Left some comments on the MR.

pooja_sharma’s picture

pooja_sharma commented
Status: Needs work » Needs review

I have replied on the queries, Please review & passing for NR.

smustgrave’s picture

smustgrave commented
Status: Needs review » Needs work

Saving credit for those who have worked on the issue thus far.

Left a response to the thread.

pooja_sharma’s picture

pooja_sharma commented
Status: Needs work » Needs review

@smustgrave, I can't see new comment on MR, on the basis of prev comment , I 'm trying to reply on query:

Goal of ticket is adding permissions only, however permission can be assign to user only if module install code added before user login, if module install & respective config install (if required/added) code added after user login code in that case scenario permission can be assign only by adding role (checked in core as well)

PLease review, moving NR

smustgrave’s picture

smustgrave commented
Status: Needs review » Needs work

Instead of creating a bunch of roles for single permissions

Why not move $this->setCurrentUser($this->adminUser); to below when the workflow is created and change to $this->setCurrentUser($this->createUser(['single permissiono']));

Should result in less calls being made.

pooja_sharma’s picture

pooja_sharma commented
Status: Needs work » Needs review

Thanks for reviewing, tried to address the feedback, Please review, moving NR.

smustgrave’s picture

smustgrave commented
Status: Needs review » Needs work

Had some threads I forgot to save from earlier that's my mistake.

pooja_sharma’s picture

pooja_sharma commented
Status: Needs work » Needs review

Yeah I have similar thoughts, u didn't mention similar changes here then also skip from my end as well.

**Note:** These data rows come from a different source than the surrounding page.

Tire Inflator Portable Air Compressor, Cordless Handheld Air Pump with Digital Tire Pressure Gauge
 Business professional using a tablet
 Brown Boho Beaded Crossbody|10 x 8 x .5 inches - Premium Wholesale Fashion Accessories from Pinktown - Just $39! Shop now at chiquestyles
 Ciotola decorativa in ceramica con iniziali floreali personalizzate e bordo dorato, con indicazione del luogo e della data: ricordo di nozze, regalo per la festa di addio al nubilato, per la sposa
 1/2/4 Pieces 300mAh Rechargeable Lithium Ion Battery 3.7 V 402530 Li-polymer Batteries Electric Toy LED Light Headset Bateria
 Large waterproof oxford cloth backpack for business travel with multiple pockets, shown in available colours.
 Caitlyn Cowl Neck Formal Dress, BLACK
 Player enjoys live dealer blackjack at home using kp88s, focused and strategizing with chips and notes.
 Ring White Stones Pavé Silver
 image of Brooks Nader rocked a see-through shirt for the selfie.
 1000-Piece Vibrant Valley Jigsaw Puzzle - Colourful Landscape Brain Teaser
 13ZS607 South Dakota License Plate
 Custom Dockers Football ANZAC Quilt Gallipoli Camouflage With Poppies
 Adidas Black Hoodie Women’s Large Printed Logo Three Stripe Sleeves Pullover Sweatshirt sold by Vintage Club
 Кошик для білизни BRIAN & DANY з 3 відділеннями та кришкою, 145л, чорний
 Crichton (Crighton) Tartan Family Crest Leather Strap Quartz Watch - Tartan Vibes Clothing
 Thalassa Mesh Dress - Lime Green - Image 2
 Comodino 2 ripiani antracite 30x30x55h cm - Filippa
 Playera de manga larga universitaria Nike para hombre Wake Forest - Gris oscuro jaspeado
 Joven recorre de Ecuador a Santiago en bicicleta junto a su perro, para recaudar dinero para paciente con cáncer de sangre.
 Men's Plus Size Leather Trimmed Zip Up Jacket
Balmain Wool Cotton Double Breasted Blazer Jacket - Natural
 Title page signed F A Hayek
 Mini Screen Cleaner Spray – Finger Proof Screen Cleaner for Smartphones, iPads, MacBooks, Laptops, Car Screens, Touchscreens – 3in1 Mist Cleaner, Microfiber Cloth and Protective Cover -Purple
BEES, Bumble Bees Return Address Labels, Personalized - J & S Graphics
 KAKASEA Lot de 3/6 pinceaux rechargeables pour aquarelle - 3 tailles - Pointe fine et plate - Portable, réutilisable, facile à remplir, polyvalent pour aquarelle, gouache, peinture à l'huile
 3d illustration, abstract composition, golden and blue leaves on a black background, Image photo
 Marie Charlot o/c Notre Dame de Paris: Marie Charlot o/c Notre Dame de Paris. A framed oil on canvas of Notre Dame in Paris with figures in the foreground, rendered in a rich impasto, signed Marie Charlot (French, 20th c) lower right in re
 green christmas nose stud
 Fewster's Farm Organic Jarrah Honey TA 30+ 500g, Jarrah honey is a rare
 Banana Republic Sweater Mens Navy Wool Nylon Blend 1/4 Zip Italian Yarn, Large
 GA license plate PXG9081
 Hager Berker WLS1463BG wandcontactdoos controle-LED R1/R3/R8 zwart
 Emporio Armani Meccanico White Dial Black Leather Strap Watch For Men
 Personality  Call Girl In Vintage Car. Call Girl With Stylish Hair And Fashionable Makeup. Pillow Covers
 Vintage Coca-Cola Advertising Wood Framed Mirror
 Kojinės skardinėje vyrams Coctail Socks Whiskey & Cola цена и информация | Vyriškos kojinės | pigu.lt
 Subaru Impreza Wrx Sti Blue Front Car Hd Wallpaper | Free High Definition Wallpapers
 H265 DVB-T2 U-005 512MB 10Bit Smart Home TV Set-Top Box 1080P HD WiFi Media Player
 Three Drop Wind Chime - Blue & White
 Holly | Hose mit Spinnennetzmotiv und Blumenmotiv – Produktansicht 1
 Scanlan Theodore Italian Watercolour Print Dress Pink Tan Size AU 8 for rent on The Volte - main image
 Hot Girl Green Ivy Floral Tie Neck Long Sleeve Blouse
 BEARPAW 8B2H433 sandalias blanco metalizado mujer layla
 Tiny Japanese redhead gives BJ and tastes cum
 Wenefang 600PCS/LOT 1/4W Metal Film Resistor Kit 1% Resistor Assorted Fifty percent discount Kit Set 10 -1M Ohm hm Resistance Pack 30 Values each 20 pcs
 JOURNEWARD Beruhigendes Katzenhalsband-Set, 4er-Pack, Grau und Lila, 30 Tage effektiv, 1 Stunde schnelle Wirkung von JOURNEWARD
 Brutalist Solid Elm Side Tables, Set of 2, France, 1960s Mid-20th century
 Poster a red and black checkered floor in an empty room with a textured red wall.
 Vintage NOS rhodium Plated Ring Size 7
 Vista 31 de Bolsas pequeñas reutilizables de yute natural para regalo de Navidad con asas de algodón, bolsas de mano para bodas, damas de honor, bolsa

Applied suggestions, PLease review, moving NR.

smustgrave’s picture

smustgrave commented
Status: Needs review » Reviewed & tested by the community
Issue tags: +Needs Review Queue Initiative

Feedback appears to have been addressed

quietone’s picture

quietone commented
Status: Reviewed & tested by the community » Needs work
Issue tags: +Needs reroll

The diff does not apply to 11.x HEAD. And while does that I think it would make it easier to maintain if all the lists of permissions were sorted. Some of these in this MR are quite long. Thanks.

quietone’s picture

quietone commented
Status: Needs work » Reviewed & tested by the community
Issue tags: -Needs reroll

I don't know why but the diff applies now. The only commands I executed in my working directory was 'git log' and 'git status' . I'm restoring the status while I review.

quietone’s picture

quietone commented
Status: Reviewed & tested by the community » Needs review

Four of the functional tests extend from \Drupal\Tests\content_moderation\Functional\ModerationStateTestBase which defines a user and many permissions. Why are these four tests creating a new user with different permissions? Why not use the existing user and grant any permissions needed? It would simplify the tests.

quietone’s picture

quietone commented

Oh, and a reminder that we work collaboratively. Typically, there is no need to create a new branch and separate MR. Thanks.

pooja_sharma’s picture

pooja_sharma commented
Assigned: Unassigned » pooja_sharma

Thanks for reviewing it, Verifying to address #28 feedback.

pooja_sharma’s picture

pooja_sharma commented
Assigned: pooja_sharma » Unassigned

Addressed #28 feedback, sorry it was missed from my end, now code looks clean & tried to compare the old & changed generated test html files output - both are same.

Please review, moving NR.

smustgrave’s picture

smustgrave commented
Status: Needs review » Reviewed & tested by the community

Feedback appears to be addressed.

alexpott’s picture

alexpott
he/they
Primary language English
Location 🇪🇺🌍
commented
Version: 11.x-dev » 11.1.x-dev
Status: Reviewed & tested by the community » Fixed

Committed and pushed 56186f9070b to 11.x and 743c2e68f70 to 11.1.x. Thanks!

  • alexpott committed 743c2e68 on 11.1.x 
    Issue #3439832 by pooja_sharma, solimanharkas, smustgrave, quietone,...

  • alexpott committed 56186f90 on 11.x 
    Issue #3439832 by pooja_sharma, solimanharkas, smustgrave, quietone,...

Status: Fixed » Closed (fixed)

Automatically closed - issue fixed for 2 weeks with no activity.